Items from a dataset:
..........

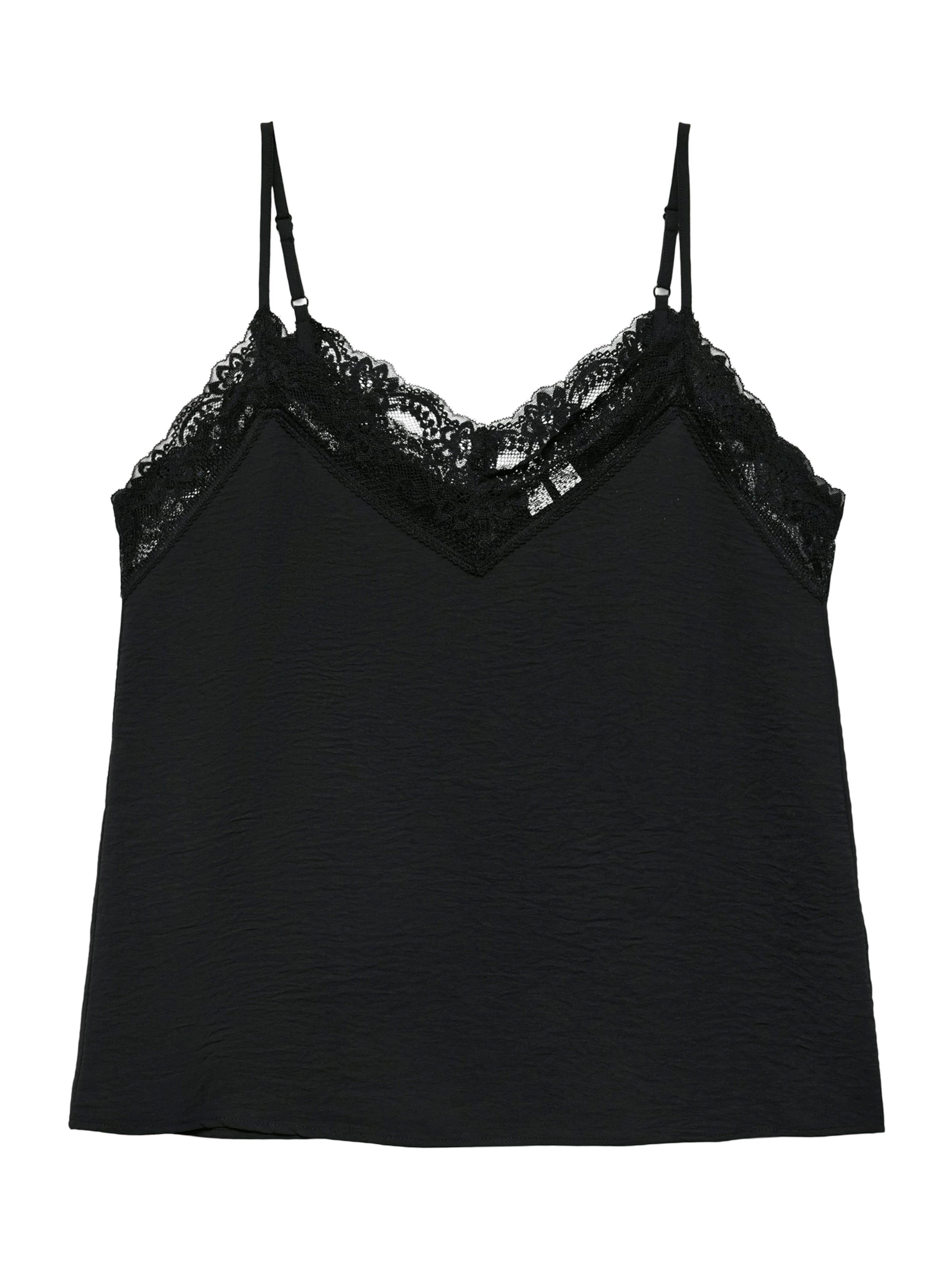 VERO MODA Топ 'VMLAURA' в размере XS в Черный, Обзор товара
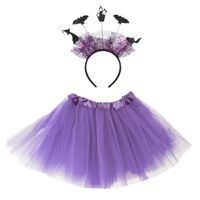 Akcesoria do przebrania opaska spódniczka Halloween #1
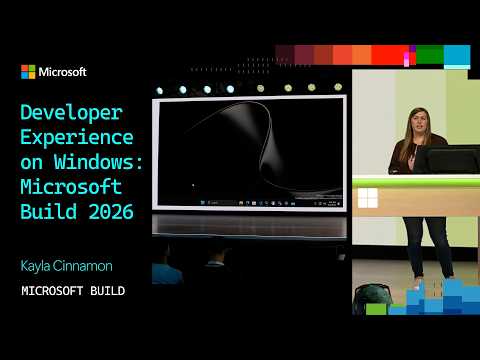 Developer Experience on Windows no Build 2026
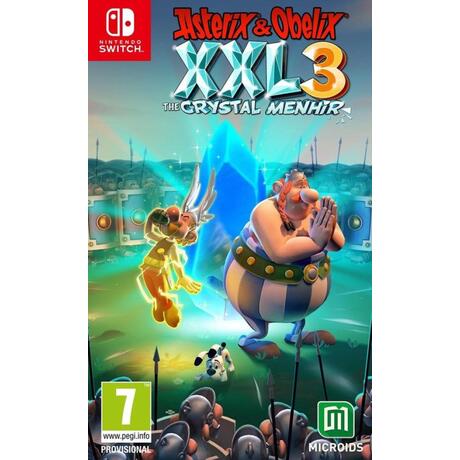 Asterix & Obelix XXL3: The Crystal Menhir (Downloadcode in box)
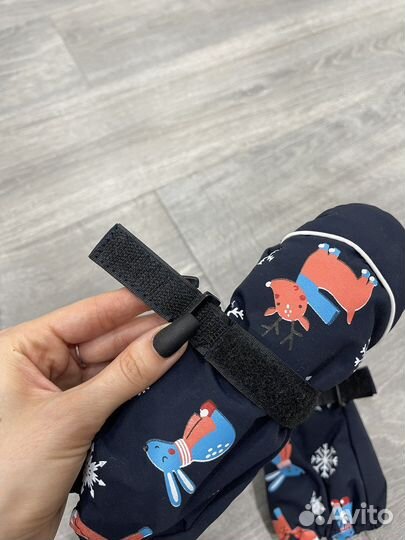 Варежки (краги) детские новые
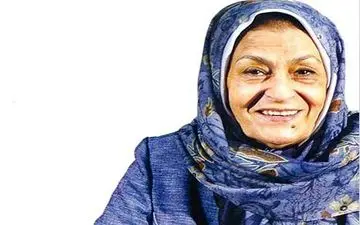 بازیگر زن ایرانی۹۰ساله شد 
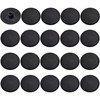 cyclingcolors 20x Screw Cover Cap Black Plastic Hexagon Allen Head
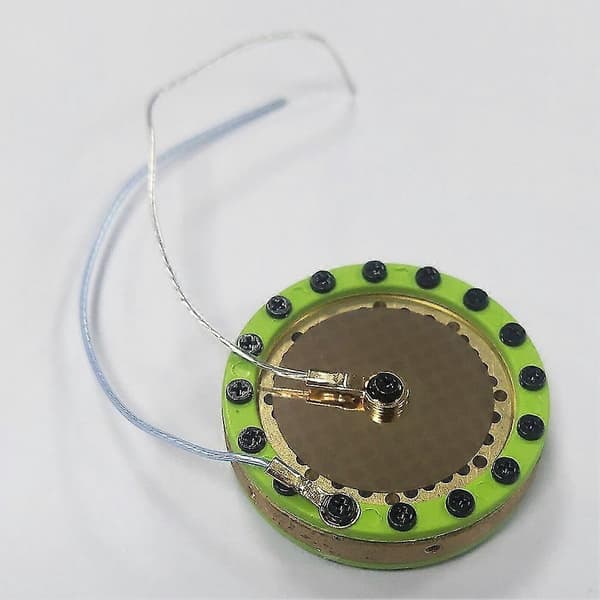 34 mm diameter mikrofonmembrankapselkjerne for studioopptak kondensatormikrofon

..........

## TASK REQUIREMENTS
Each entry above should be printed again word for word, with any picture dropped.

## FINISHED TASK
 VERO MODA Топ 'VMLAURA' в размере XS в Черный, Обзор товара
 Akcesoria do przebrania opaska spódniczka Halloween #1
 Developer Experience on Windows no Build 2026
 Asterix & Obelix XXL3: The Crystal Menhir (Downloadcode in box)
 Варежки (краги) детские новые
 بازیگر زن ایرانی۹۰ساله شد 
 cyclingcolors 20x Screw Cover Cap Black Plastic Hexagon Allen Head
 34 mm diameter mikrofonmembrankapselkjerne for studioopptak kondensatormikrofon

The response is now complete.